Chère Europe, où vas-tu ?

Mon père m’a avoué un jour que, s’il avait vu passer dans la rue un soldat allemand, il l’aurait tué. Il avait alors 18 ans et vivait dans un déchaînement de violence qui a fait de la Seconde Guerre mondiale la période la plus cruelle de toute l’histoire de l’humanité. Mais des hommes et des femmes de foi se sont levés et ont dit : « Plus jamais cela ! » Nous avons atteint aujourd’hui un nouveau record, celui du temps de paix le plus long des derniers siècles. Il est bon de nous en souvenir en cette période historique d’élections.

Je n’ajouterai pas un commentaire à tous ceux que nous diffusent aujourd’hui les médias. Mais je veux me faire ici l’écho de la parole du pape François dans son discours aux chefs d’État et de gouvernement de l’Union européenne à l’occasion du 60e anniversaire du traité de Rome, le 24 mars dernier.

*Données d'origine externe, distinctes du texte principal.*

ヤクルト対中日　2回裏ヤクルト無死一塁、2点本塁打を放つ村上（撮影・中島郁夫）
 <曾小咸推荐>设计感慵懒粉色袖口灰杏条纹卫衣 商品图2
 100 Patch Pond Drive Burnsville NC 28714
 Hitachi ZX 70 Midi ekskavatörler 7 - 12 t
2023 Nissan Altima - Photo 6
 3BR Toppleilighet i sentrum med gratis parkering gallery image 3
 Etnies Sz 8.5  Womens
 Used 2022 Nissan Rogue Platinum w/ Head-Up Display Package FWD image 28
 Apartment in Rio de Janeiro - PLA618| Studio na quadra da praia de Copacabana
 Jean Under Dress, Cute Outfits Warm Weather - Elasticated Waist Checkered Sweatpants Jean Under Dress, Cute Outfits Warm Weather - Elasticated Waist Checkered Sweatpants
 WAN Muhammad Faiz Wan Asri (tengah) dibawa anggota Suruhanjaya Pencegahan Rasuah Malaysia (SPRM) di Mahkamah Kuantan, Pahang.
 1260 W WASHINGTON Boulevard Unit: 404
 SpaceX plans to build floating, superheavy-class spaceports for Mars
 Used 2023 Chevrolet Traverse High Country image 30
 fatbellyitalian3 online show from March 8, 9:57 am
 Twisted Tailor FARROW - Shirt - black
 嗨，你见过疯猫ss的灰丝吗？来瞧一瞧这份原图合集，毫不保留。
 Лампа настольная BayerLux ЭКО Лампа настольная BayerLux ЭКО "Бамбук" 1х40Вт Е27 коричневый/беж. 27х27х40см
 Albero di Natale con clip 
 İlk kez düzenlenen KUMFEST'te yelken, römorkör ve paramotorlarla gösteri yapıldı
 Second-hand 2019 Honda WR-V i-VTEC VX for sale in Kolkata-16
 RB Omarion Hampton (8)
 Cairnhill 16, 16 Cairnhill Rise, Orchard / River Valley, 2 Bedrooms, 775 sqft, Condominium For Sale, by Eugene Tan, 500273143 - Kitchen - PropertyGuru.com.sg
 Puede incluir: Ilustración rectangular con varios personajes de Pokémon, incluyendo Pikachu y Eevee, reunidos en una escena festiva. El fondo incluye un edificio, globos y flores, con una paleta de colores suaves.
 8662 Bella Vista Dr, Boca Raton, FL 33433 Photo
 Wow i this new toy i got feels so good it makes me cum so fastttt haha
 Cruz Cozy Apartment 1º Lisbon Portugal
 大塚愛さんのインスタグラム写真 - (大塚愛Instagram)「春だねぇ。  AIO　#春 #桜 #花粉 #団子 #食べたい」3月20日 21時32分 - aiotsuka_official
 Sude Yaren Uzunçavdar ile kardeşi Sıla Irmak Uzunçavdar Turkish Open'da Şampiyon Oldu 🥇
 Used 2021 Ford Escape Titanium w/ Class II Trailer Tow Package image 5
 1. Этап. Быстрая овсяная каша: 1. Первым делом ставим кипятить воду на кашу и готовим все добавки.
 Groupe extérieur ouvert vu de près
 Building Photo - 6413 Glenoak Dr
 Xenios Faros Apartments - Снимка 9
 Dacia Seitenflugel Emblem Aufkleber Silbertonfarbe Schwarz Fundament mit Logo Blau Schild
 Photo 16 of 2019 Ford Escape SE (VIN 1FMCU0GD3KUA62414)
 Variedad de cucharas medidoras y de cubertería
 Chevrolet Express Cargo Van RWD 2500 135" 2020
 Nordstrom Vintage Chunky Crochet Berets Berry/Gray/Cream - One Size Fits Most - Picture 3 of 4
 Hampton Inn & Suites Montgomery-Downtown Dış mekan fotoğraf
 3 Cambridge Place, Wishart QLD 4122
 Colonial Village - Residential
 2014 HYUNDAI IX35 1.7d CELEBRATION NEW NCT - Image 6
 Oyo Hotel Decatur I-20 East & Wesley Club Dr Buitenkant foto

L’Europe a une âme, et son âme demeure unie parce qu’elle vit selon les mêmes vertus – je préfère ce mot à celui de valeur – chrétiennes et humaines, et qu’elle s’est éloignée des idéologies qui l’ont divisée et ravagée. Je cite : « Dans notre monde multiculturel ces valeurs continueront à trouver plein droit de cité si elles savent maintenir leur lien vital avec la racine qui les a fait naître. Dans la fécondité d’un tel lien se trouve la possibilité de construire des sociétés authentiquement laïques, exemptes d’oppositions idéologiques ».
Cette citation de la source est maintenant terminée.